It's not hard to mock the Emergent Church. By now, this blog post has achieved something like iconic status among Emergent's detractors.
(For the record, I am a white male from the English speaking world who can say "non-Foundationalism" without sneering. But I can also say "Calvinism" without sneering. I do drive a Prius, but there are no bumper stickers on it. I have had a soul patch in the past, but I am currently clean-shaven. No tattoos. I guess I'm one of those lukewarm Emergents.) If this makes no sense to you, then click on the link.
Sure, there's something false about a church where people with body piercings aren't welcome. But a true church isn't necessarily a church where body piercings abound. So one question is, Just what is this Authenticity of which you speak? Faith, hope, love, mutually accountability, and mutual forgiveness are better measures of authenticity than a post-grunge wardrobe.
This begs a second question: Is the Emergent Church just the next big thing? Though it embraces what the Church Growth Movement eschewed, namely, overtly Christian symbols, is the Emergent Church merely a variation on the same theme--that the church's problem is one of style and not substance, and if we get the style right, then everything else will follow?
Third question: The Protestant Reformation's great insight was that Faith justifies, and faith comes from hearing, and what is heard from the Word of God. This led the reformers to simplify worship so that nothing would detract from the preached Word of God. So, is Emergent's embrace of the visual, especially multi-media technology, an altogether healthy trend? Neil Postman's Amusing Ourselves to Death is even more relevant now than when it was first published in the pre-Internet 1980s. In it, he argues powerfully that the visual medium inevitably trivializes the content it's delivering.
So what actually happens in an Emergent worship service, especially the more "extreme" forms? Is the Gospel truly proclaimed, edifying the faithful, and leading sinners to repent? Or is something other than the Gospel offered that, while evoking a powerful emotional reaction, serves something other than justification and sanctification?

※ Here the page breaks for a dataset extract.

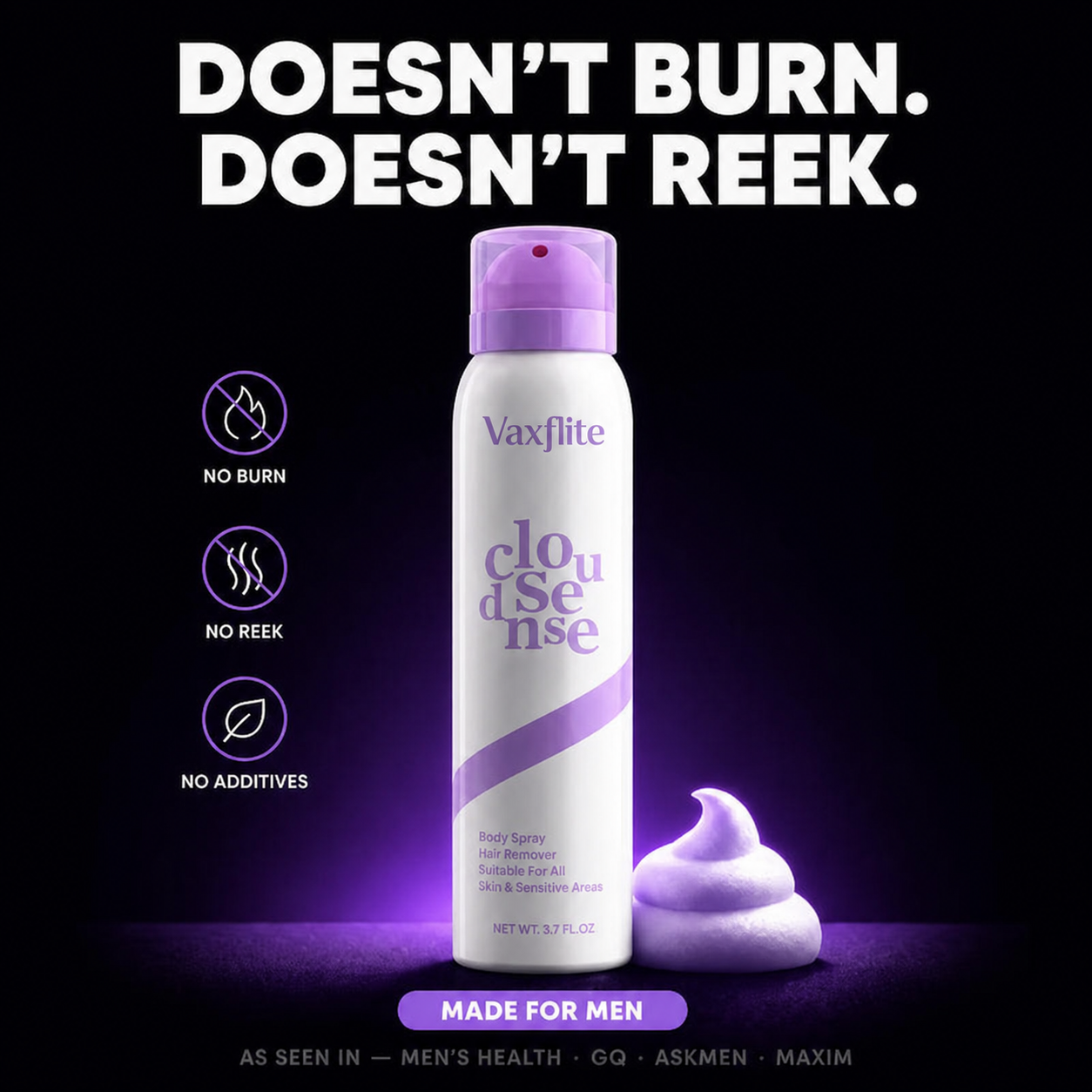 Vaxflite  Premium Hair Removal Spray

Again, these are only questions. They aren't meant to be some sort of coup de grace to the Emergent movement. While it's easy to mock the U2 Listenin', Brian McLaren Readin', Incense Burnin' Emergent pastor, it's just as easy to mock happy-clappy Evangelicals or Mainline radical feminists. (For grins, check out this series of light-hearted mysteries set in a fictitious N.C. mountain community. The protagonist is a police chief who's also the music director of the local Episcopalian congregation. The licks it gets in on Re-imagining-style liturgical innovations are deadly and hysterical.)
And drawing the line at PowerPoint won't necessarily save the flock from idolatry, or bad taste. There are plenty of sermons that proclaim "another gospel" than the one that justifies and sanctifies. And they do it in a style not unlike that of dragging fingernails down a chalkboard.
Shoot, people can screw up just about anything. The Emergent Church may have a unique set of temptations, but so does every form of Christianity.